** Activity **
Set down the data again word for word. Skip any pictures.

** Given material **
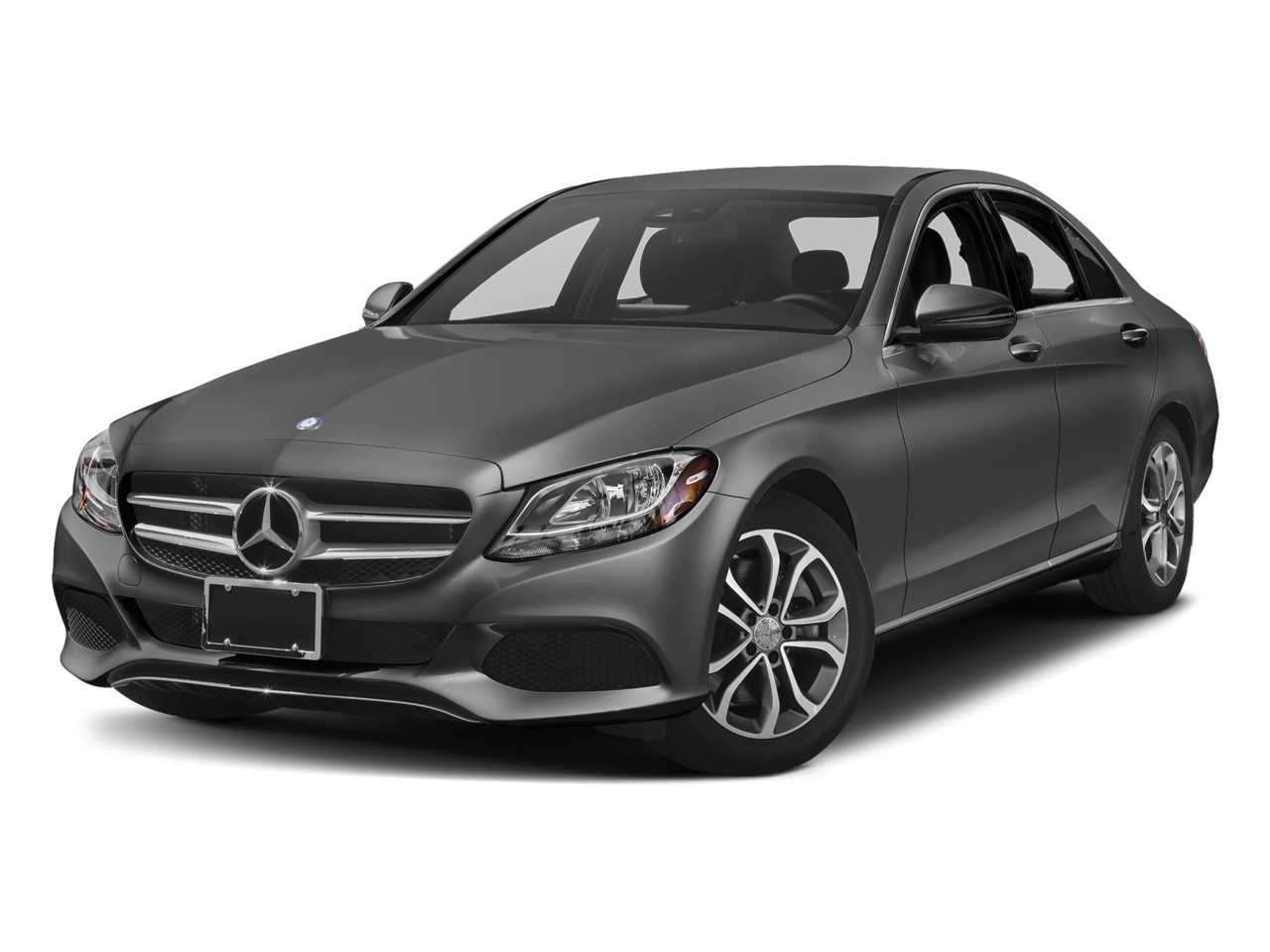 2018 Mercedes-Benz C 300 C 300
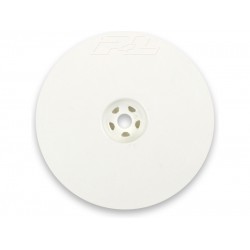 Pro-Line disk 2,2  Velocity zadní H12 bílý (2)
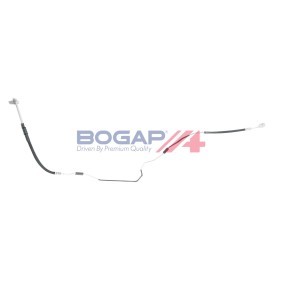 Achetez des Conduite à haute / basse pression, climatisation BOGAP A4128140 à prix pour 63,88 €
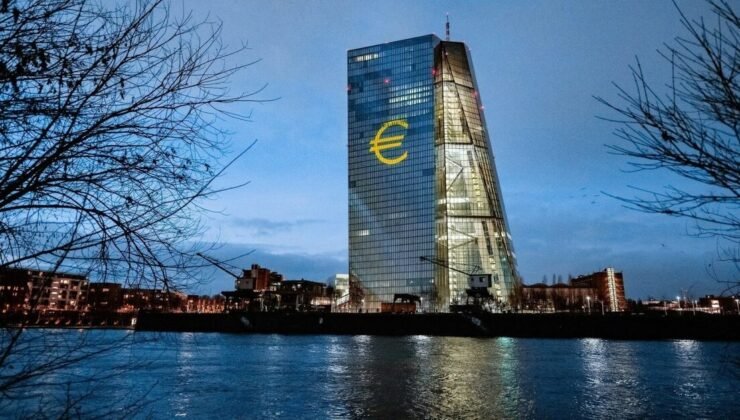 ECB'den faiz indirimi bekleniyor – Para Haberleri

** Answer area **
 2018 Mercedes-Benz C 300 C 300
 Pro-Line disk 2,2  Velocity zadní H12 bílý (2)
 Achetez des Conduite à haute / basse pression, climatisation BOGAP A4128140 à prix pour 63,88 €
 ECB'den faiz indirimi bekleniyor – Para Haberleri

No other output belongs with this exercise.